I still reach for the phone to call her and it does get overwhelming. Nothing gives me comfort.
I miss having a sister who was also my best friend.
She was so special and I'm lost without her.
She loved me unconditionally.
I have no one to call and check on me every now and then.
Our memories make me even sadder because I know there won't be anymore and she left with so much more to do.
I have not gone one day without crying and I only miss her more now I have arrived in Abuja.
I just want her back and I know she's with me in spirit but it's just not good enough.
When does it get better?
Esther was an incredible wife, mother, aunt, sister and a friend.
She was without question a sweet and loving person.
My one and only baby sister, a beautiful lady who equalled as my best friend.
She was a motivator.
With her, I never went wrong in any aspect of my life.
She was an angel, a heroine of faith.
We shuffled around a whole lot as young children and had formed a bond that is indescribable.
You put me high upon a pedestal and I felt your love till the very end.
You were always proud of me, I remember paying you a surprise visit when you were in the University of Nsukka, and you were very excited to show me off to everyone.
Thank you for all those times you showed you cared.
Thank you for your loyalty, love and generosity.
Esther came to Lagos last year August to honour me on my birthday, unknown to me that would be the last time I would see my sister.
She left three lovely boys, so painful, so sad.
I’m hurting so much for my darling sister.
It’s unbearable pain and I’m feeling so miserable.
I am still having trouble believing that she’s gone.
My little sister passes away so suddenly, what a rude shock.
My heart is breaking into a million pieces.
I can’t put into words how I am feeling.
My Christian beliefs teaches me to accept loss as part of the circle of life, but this particular one makes my heart drop within.
Can my life ever be the same again without my little sister Esther by my side?
This is the most difficult thing I have to endure.
My beautiful, amazing, kind, caring, strong, brave, and hard-working sister devoted to God, family and friends.
She had the most beautiful smile that would light up a room.
The hardest part is the fact that she was the central force of our family and now we have to learn to do certain things without her.
Who will remind us of everybody’s birthday and wedding anniversary within the family?
She would even send a second reminder as she knows the rest of us are not good at it.
She was the most humble person you could ever hope to meet; and life will just never be the same without her in my life.
Thank you my dear sister for the special things only you could do.
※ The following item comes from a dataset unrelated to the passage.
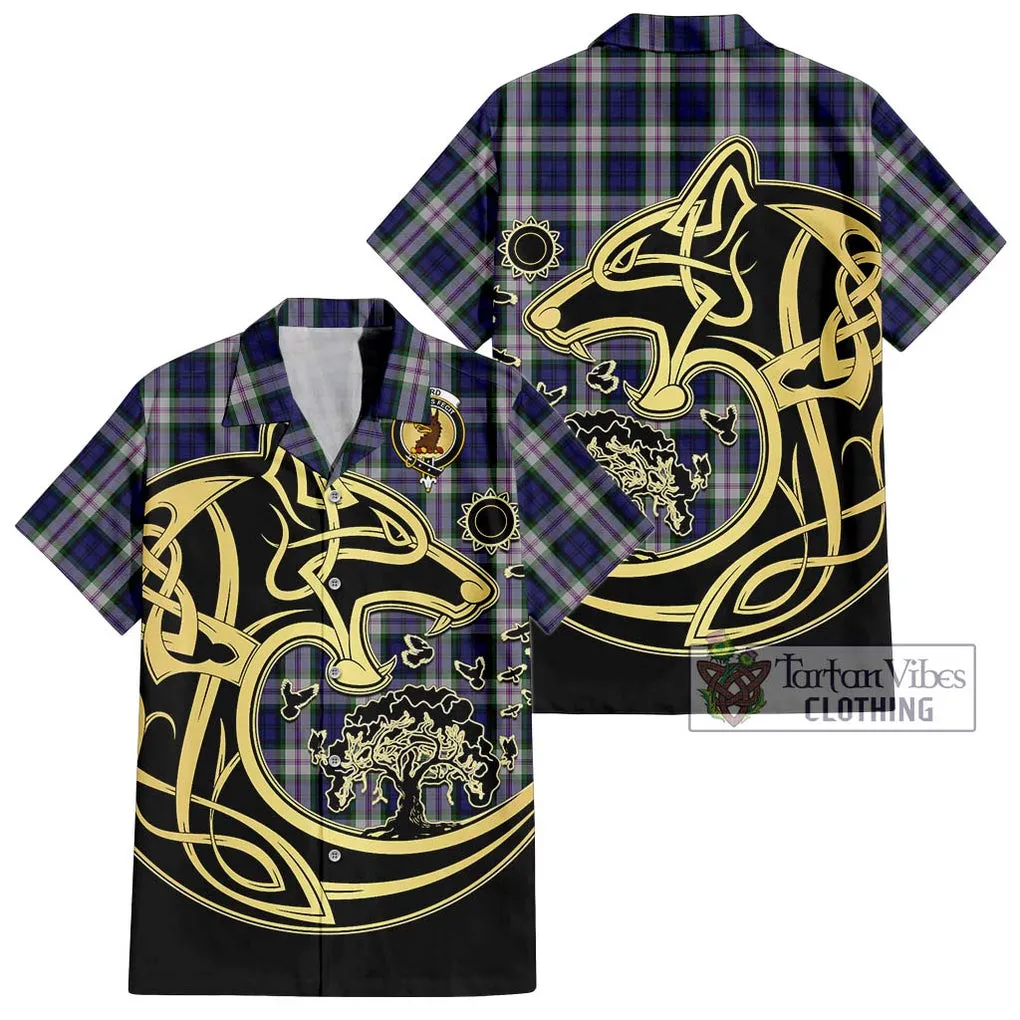 Baird Dress Tartan Short Sleeve Button Shirt with Family Crest Celtic Wolf Style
I just can't believe that she's gone and that I won't see her again or hear her voice.
When does the pain ease?
Will a second pass without her in my mind?
Do tears ever stop?
I'm totally broken hearted, I wish the yearning in my heart will cease.
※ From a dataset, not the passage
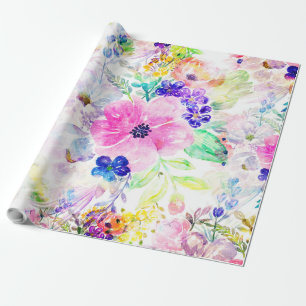  bloemen Boho Floral Waterverf Design Cadeaupapier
My sister who wasn't sick died alone within the ten minutes that her husband left her sight to fetch her food.
No family member was there to send her off.
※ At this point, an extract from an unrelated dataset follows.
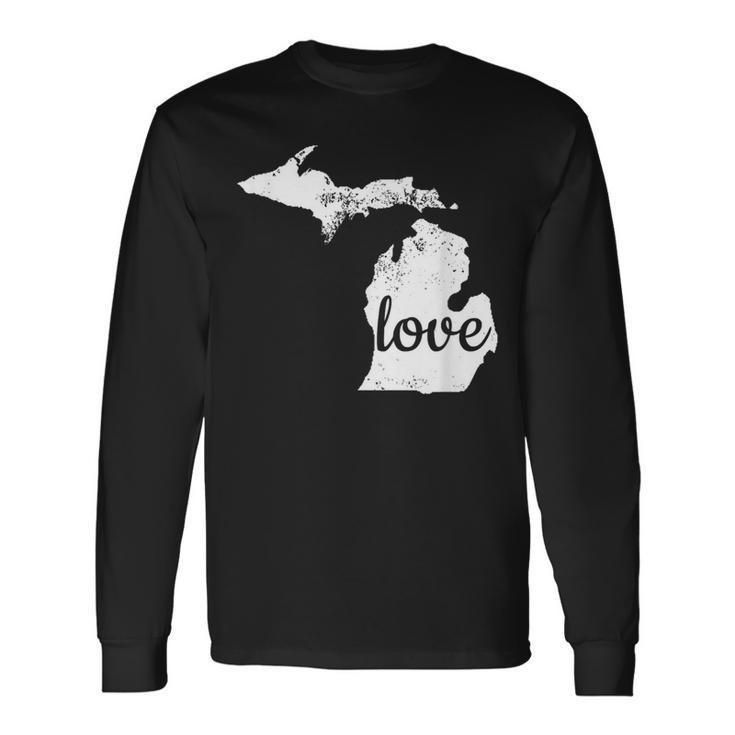 Michigan Love Mi Home State Pride Distressed Long Sleeve T-Shirt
She must have been very frightened and certainly all alone.
Friends and prayer partners offer gentle words and prayers to console me with Psalm 34:18
(The Lord is close to the brokenhearted and saves those who are crushed in spirit)
As a Christian, I know she is safe in our Heavenly Father’s arms, fully restored, redeemed and made whole.
According to
1 Corinthians 15:52
“in a moment, in the twinkling of an eye, at the last trumpet. For the trumpet will sound, and the dead will be raised incorruptible, and we shall be changed.”
Nwaeka, as I fondly called her, was an epitome of beauty, good manners and great values .
we sorely miss you and know you are resting at our Saviour’s feet.
Good night my beloved sister for we will surely meet again on that glorious morning.
Adieu, Ma Soeur.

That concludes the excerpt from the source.